Some questionable musical arrangements undermine a fine choir

Record and Artist Details

Label: Arthaus Musik

Media Format: Digital Versatile Disc

Media Runtime: 0

Catalogue Number: 101471

Almost half a century has passed since the Vienna Boys’ Choir appeared in their previous feature film, Disney’s Almost Angels of 1961. This latest offering – a whimsical travelogue directed by Curt Faudon – prompts the immediate question upon viewing: why? For whom is the film intended? A recruitment tool? Surely not. Passengers on long-haul flights? Probably. For serious music lovers?

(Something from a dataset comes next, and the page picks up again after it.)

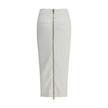 White Viscose Midi SkirtBalmain’s midi Skirt enhances the silhouette with a ribbed and twisted knit, giving structure and movement to the garment. On the front, the characteristic decorative 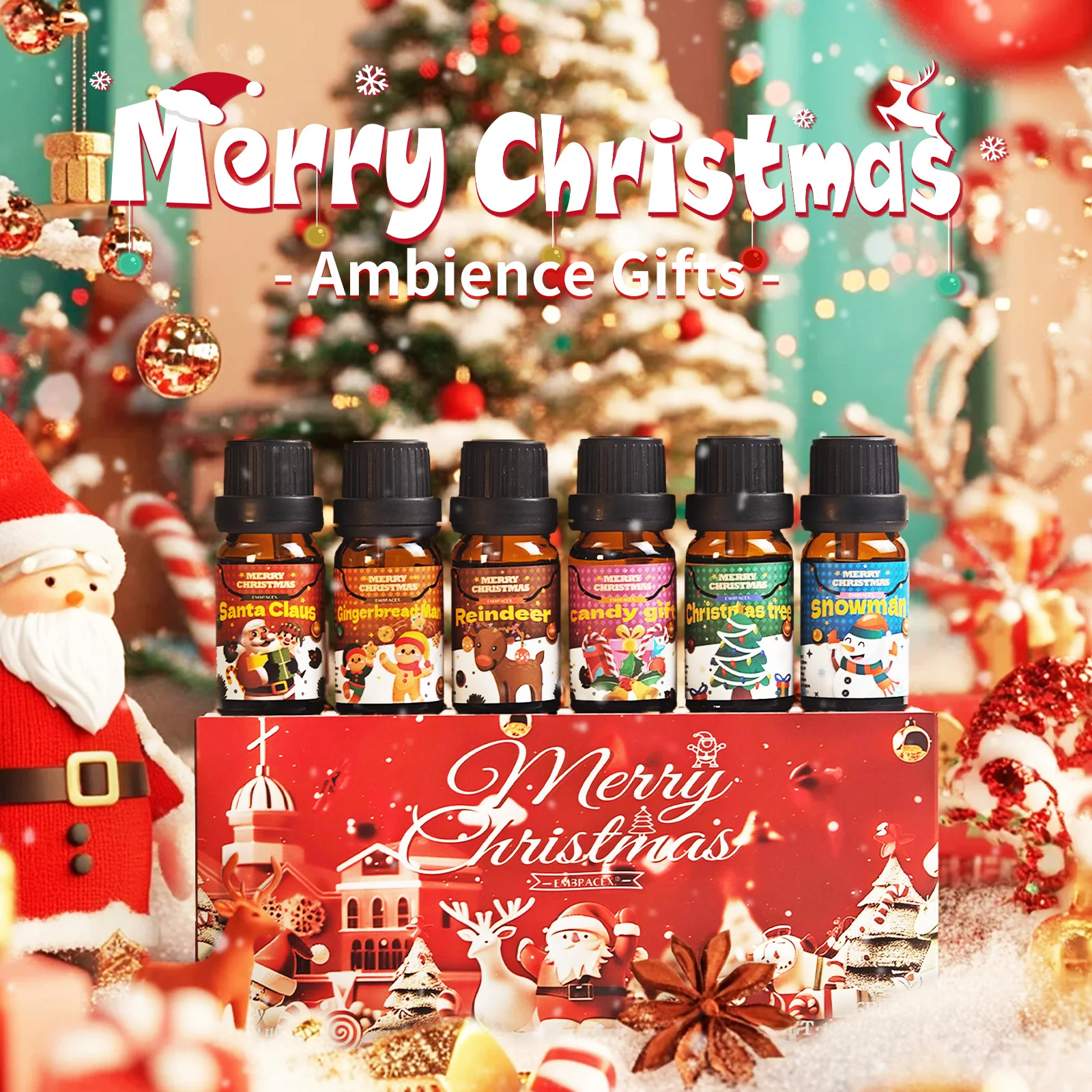 6PC/1Set Christmas Fragrance Oils Merry Christmas Gift Set For Diffuser Humidifier Car DIY Candle Making Six Scents Home Decor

Definitely not, alas.

Still, it gives the film-makers opportunities galore to dwell upon palatial Habsburgian Rococo architectural details and cute, blue-eyed, sailor-suited (and, in a historically corny episode, periwigged) Knaben. When they occasionally pause from their exhausting globetrotting the history of the choir is retold. We see the eager Wunderkinde of the “Schubert” Choir (one of four ensembles) in rehearsal with their Peruvian director, Andy Icochea Icochea, gently larking around, practising Chopin on Ravel’s grand piano and playing in a samba band, and hear frank insights from the boys themselves.

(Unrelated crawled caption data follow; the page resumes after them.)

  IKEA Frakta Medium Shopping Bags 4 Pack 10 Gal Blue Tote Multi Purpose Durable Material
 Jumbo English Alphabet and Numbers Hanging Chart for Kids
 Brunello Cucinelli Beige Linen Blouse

The DVD’s soundtrack was inspired by the choir’s opera Silk Road and it purports to have excavated several songs from the old trading routes. We hear music sung in Latin, Arabic, Chinese, Farsi, French, German, Marathi, Maori, Savo Finnish, Tajik, Uyghur and Urdu. The film also features a Pakistani qawwali, a rain dance from Uzbekistan, a bhajan from India and field-hollers from Tajikistan.

The treatment of the European repertory (from Josquin via Strauss to Orff) will horrify any musical purist. The “Domine Deus” from Vivaldi’s Gloria is “enhanced” by a bizarre Larkford to Cranford-type tinkling piano sub-track. Frankly it is quite nauseating. Nor is the singing terribly good, with some curiously mangled Latin vowels and dodgy intonation. Mercifully, a couple of songs from Schubert’s Winterreise are left well alone – just! Gerd Schuller is credited as being responsible for this musical mish-mash. The “Dies irae” from Mozart’s Requiem (used in the final sequence) receives perhaps the most offensively sacrilegious treatment as an accompaniment to some CGI-enhanced footage of the Terracotta Army.

The “film within a film” concept is largely an irrelevance and the almost continuous voiceovers ruin what few chances there are to concentrate on the music. One to be avoided.